Alhajras / webscraper

Configurable search engine written in Python and Angular. It supports indexing as well.
1 stars 0 forks source link

Chapter 3 Background #21

Open Alhajras opened 10 months ago

Alhajras commented 10 months ago

----------- Crawler ------------------

Alhajras commented 8 months ago

Theoretical analysis

Most probably, your work will make use of some algorithms and data structures. Either your own, or such from previous work, or a combination of the two. In any case, provide information about the basic complexity of your algorithms, in particular their running time. Do this also if the the statement appears straightforward to you. For example, the running time of one of your algorithms may obviously be linear in the size of the input data. In any case, say it and provide an argument / proof for it!

Empirical analysis

Most probably, your work involves the implementation of an algorithm or data structure, or of a whole system. Whatever it is, your implementation should be thoroughly evaluated. The kind of evaluation depends on the nature of your problem. If the focus is on results of a particular quality, that should be evaluated. If the focus is on efficiency, running time and (if relevant) space consumption should be evaluated. Even if the focus is on quality, efficiency should be evaluated, too. One always wants to know the running time of a procedure and (if relevant) its space consumption. If there is a pre-processing phase, this should be evaluated separately. If the pre-processing consumes a lot of intermediate disk space or memory, that should also be evaluated. Think about the evaluation from the perspective of someone who wants to use your software in practice. What is it that you would want to know then?

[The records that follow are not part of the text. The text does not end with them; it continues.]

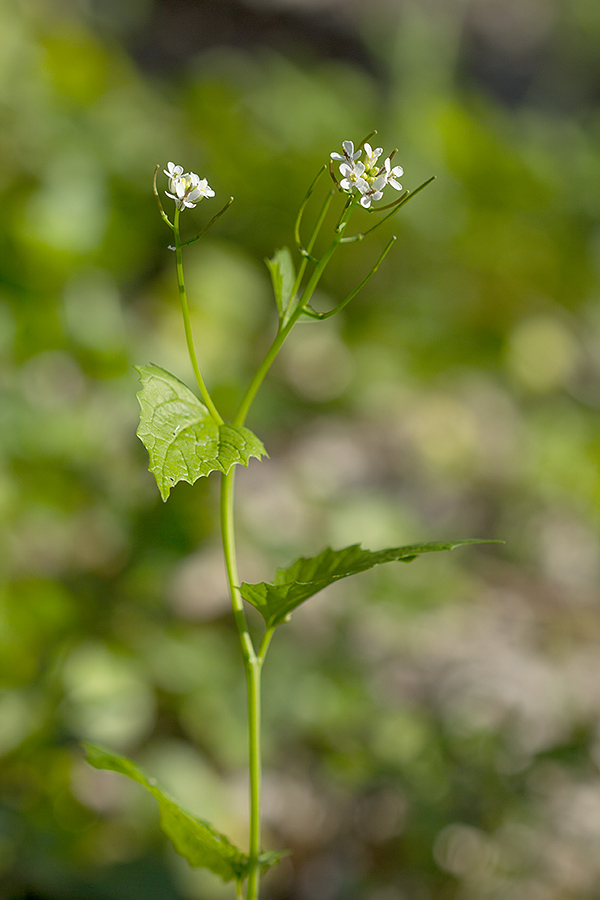 Изображение особи Alliaria petiolata.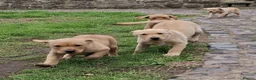 Labrador Retriever dogs for sale: Labrador puppies - Advert 8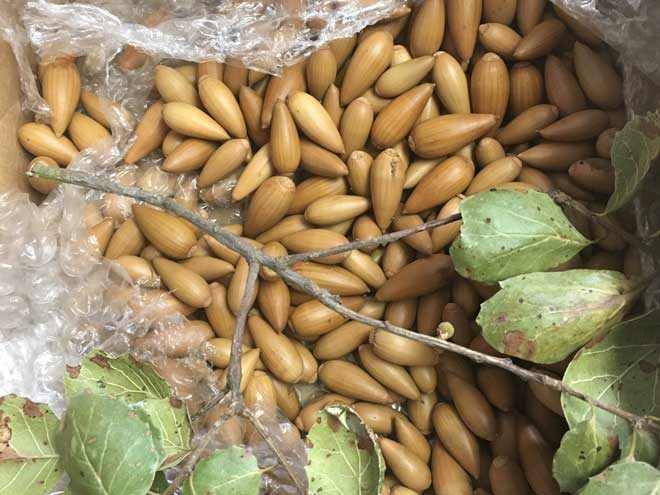This is a typical acorn donation, just after the package is opened. (These are from a coast live oak.) Photo: Kathy Morrison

Typically, there are other approaches which can be used (either directly or with small modifications / adjustments) to solve your problem. As a minimum, compare to the best one of these approaches. If there is a variety of principally different approaches, pick the best one for each principle. If there is no solution yet for your problem, think of a simple baseline algorithm (= the straightforward solution) and compare to that. Sometimes there are two or even three simple baseline algorithms. Do your evaluation on at least three different data sets of different kinds and sizes. If the amount of work needed per data set is very large, it is OK to use only two data sets.